For the most part the pundits are still wary even though, as Rozen reports, there's no disputing the professionalism and gravitas Secretary Clinton brings to her position at the State Department:
Clinton and Obama aides alike say the administration has one of the most effective secretary of state-White House relationships and balanced national-security teams of the past several terms. They note that Clinton has excellent relationships with the other national-security principals, a strategic investment that could pay dividends down the road.
She breakfasts frequently, as she did on Tuesday morning, with Vice President Joseph Biden (her neighbor), meets with the president privately at least once a week in the Oval Office, has a regular monthly meeting with Defense Secretary Robert Gates, and attends multiple Principals Committee meetings at the White House with Obama, Gates, National Security Advisor James L. Jones, and CIA director Leon Panetta each week. Aides also note that getting many senior State Department appointments confirmed and their teams in place in the past few weeks, in particular assistant secretaries in charge of the State Department's regional bureaus, has helped accelerate getting the engines moving and connecting Foggy Bottom's seventh-floor bigwigs with its civil service and bureaucrats who now have intermediate leadership to guide their work.
Rozen lets us know what Clinton has been up against since day one:
Perhaps more than any other member in Obama's "team of rivals," Clinton has had to walk a fine line: to prove to the president and his loyalists (to say nothing of a rapacious press corps) that his former primary opponent would be a trustworthy team player, restraining her own foreign-policy inclinations to bolster and never undermine his. Channeling Obama's vision while making the secretary of state job her own has required impressive self-restraint amid a host of foreign leader powwows, interagency meetings, and appointments. Not lacking for opportunities to seize the megaphone, Clinton appears to have carefully calibrated the amount of individual voice, vision, and volume she has projected so far, perhaps with an eye to gaining a measure of trust that will ultimately enhance her effectiveness.

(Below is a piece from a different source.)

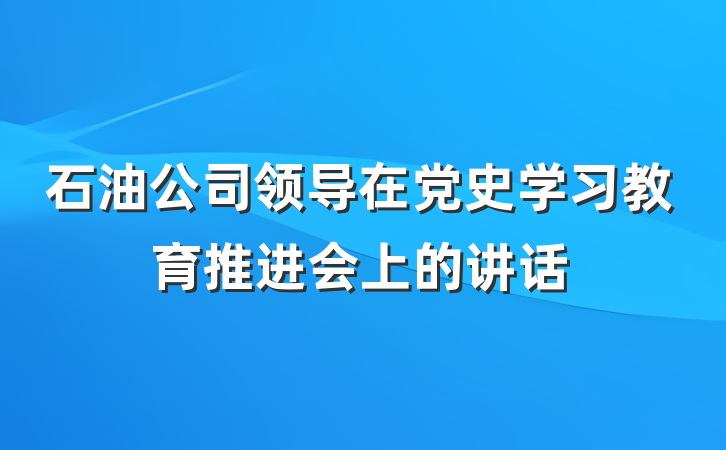 石油公司领导在党史学习教育推进会上的讲话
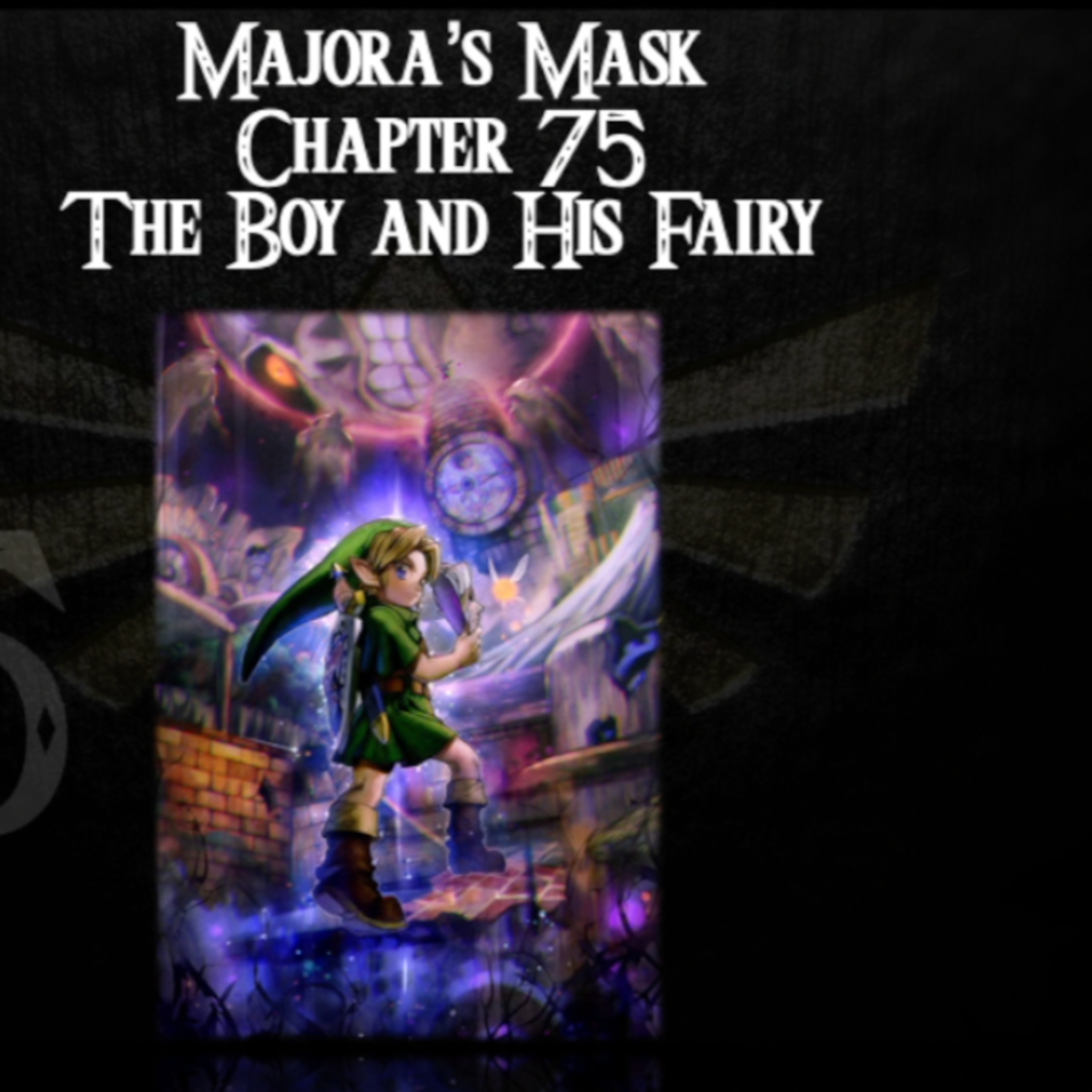 Majora's Mask- a novelisation by FakeJake93- Chapter 75: The Boy and His Fairy episode artwork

Yet she’s still had to convince Obama’s “boys” that she’s not going to cut into the One’s image by outshining him on the foreign policy front:
So far, Clinton has arguably succeeded in proving her team-player bona fides. Several initially somewhat wary Obama aides and holdover State Department officials who have traveled with her abroad have confided genuine admiration for Clinton's professionalism and decency -- citing her preparedness for meetings with foreign leaders and her thank-yous to bureau staff who worked on her trips. Clinton loyalists and White House aides, moreover, vigorously insist that the secretary is a critical and indispensable voice in Obama's national security team.
"The President and General Jones value Secretary Clinton deeply," NSC Director of Strategic Communications Denis McDonough said in an e-mail. "She is a tireless advocate for the national interest and a key player on the national security team. Hers is a key voice - in the situation room, on the Hill and overseas."

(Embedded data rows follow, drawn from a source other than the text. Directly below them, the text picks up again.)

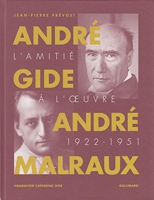André Gide, André Malraux - L’amitié à l'œuvre (1922-1951)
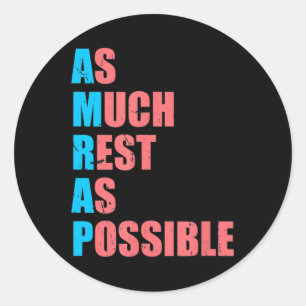As Much Rest As Possible AMRAP Fun Trendy Classic Round Sticker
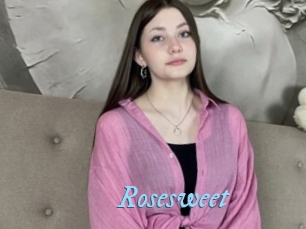 Rosesweet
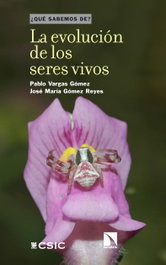 CSIC, LA EVOLUCIÓN DE LOS SERES VIVOS, Pablo Vargas Gómez - CSIC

Time will tell if Clinton has been wise to do the initial, low-profile diplomatic prep work at home to be an effective and consequential secretary of state, with the ear and confidence of the president, especially when crisis erupts.
Just a brief reminder here to Rozen et al: as I mentioned yesterday, it’s no accident that the Obama Administration is receiving high marks in foreign policy while sinking fast on the domestic front. As Dubya learned the hard way, likability can take you only so far: the charming Obama has Hillary to guide him on foreign turf; he’s on his own with the still tanking U.S. economy.